En tout cas,  j’irais revoir  cet opéra dont  la mise en scène  possède , à  mon sens,  un niveau de lecture  très intéressant de l’oeuvre de Chausson  , et  qui lui donne ( je pense )  une dimension supplémentaire . Bravo a Graham Vick et longue vie a Arthus  !!!!

 

Tiphaine de Camaret



Afin d'avoir les deux pistes de réflexion contradictoires, voici une autre analyse, totalement à l'opposé.
Il reste à chacun et chacune le privilège de se faire sa propre idée et de définir  sa préférence personnelle.

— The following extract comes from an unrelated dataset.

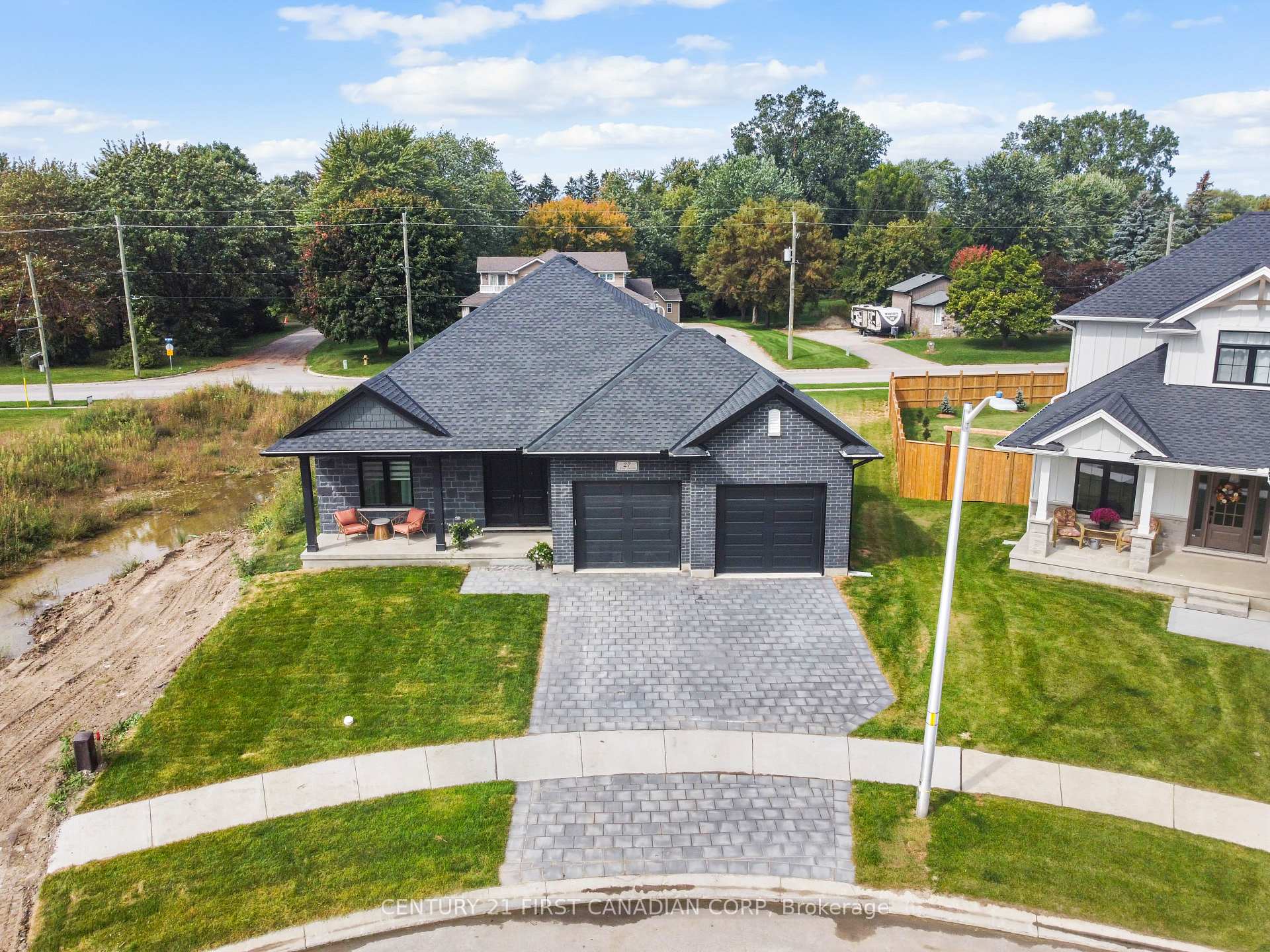 Photo 14 of 27 Spruce Crescent, North Middlesex, Parkhill — HOMEH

"Reste la déception de la mise en scène. Pour unique décor une toile peinte représentant la colline de Glastonbury et qui se dégradera au fur et à mesure de la représentation, image naïve des idéaux d’Arthus. Sinon, deux pans de murs d’un mobil home entourés d’un cercle d’épées fichées dans la terre symbolisant la table ronde seront posés au premier acte pour s’effondrer au troisième, tandis qu’un hideux canapé rouge façon années 60 finira par brûler au grand soulagement du public. Dans cette absence de décor triste et glauque, les hommes vont et viennent habillés comme des ouvriers de chantier (certains ont même quelques casques) et les femmes dans des robes aux couleurs criardes, hormis Genièvre pieds nus en chemise de nuit la plupart du temps. Mais de cette « transposition » tellement éculée ne naît jamais aucune image marquante, juste le malaise à la pensée que les années passées par le compositeur sur sa partition et son livret sont ainsi méprisées par le metteur en scène. La lecture du texte de Graham Vick qui figure dans le programme nous conforte; il eût mieux valu plus d’humilité et de fidélité à Chausson que cette « traduction » qui suscite parfois quelques rires déplacés du public. Dommage, une aussi somptueuse exécution musicale d’une oeuvre aussi rare méritait mieux."

 

Jean-Claude Hulot



Et la partie musicale ?  La qualité fait l'unanimité.

 

 

 

 

 

Ce devait être l’événement de l’année lyrique: un opéra français rarissime défendu par trois stars du chant, Alagna soi-même, Thomas Hampson et Sophie Koch. Dans une mise en scène de Graham Vick. Opéra rare, oui ! Ce « Roi Arthus » n’avait JAMAIS été représenté sur une scène parisienne. Rare et maudit : une composition épuisante de dix années, de vains efforts pour le faire jouer. C’est Vincent d’Indy qui, quatre ans après la mort de Chausson, en supervisera la création à la Monnaie de Bruxelles, le 30 novembre 1903. Au Palais-Garnier on n’en jouera jamais qu’un acte, en 1916, sous la direction du fidèle d’Indy.
Un sujet abracadabrantesque ? Même pas. Ce sont les amours de Lancelot et de Genièvre, leur fuite du royaume d’Arthur (Arthus), le repentir de Lancelot, le suicide de Genièvre abandonnée par son amant, Lancelot qui refuse de se battre contre son roi et préfère se faire tuer. Arthus, désespéré, aspire lui aussi à mourir et implore le Ciel. Des voix très sûres, très belles Paysage désolé des sentiments, désolé et brumeux de la Cornouaille. Musique très française, et même très « Chausson », dans ses nappes lyriques qui balaient l’orchestre. Mais dans son « Roi Arthus » Chausson n’a pas résolu le « problème Wagner » qui obsèdait tout compositeur de cette époque: «Wagner me hante, me bouche toutes les voies. Je me fais l’effet d’une fourmi qui rencontre une grosse pierre glissante sur son chemin. Il me faut la contourner, trouver un passage… ». Et ce qu’il trouve…  ce sont des principes wagnériens. Expliquons: chez Bizet, Verdi, Puccini, la mélodie est à la voix, l’orchestre est l’accompagnateur. C’est (presque) l’inverse chez Wagner, l’orchestre a le thème, le fameux leitmotiv, la voix tresse son chant en se modelant, se modulant sur lui. Ecoutez « Tristan et Isolde » dont « Le roi Arthus » est bien proche par le sujet, écoutez la mort d’Isolde… Il faut donc des voix très sûres, très belles, et constamment à l’écoute du tissu instrumental.  Ces voix, on les a ici.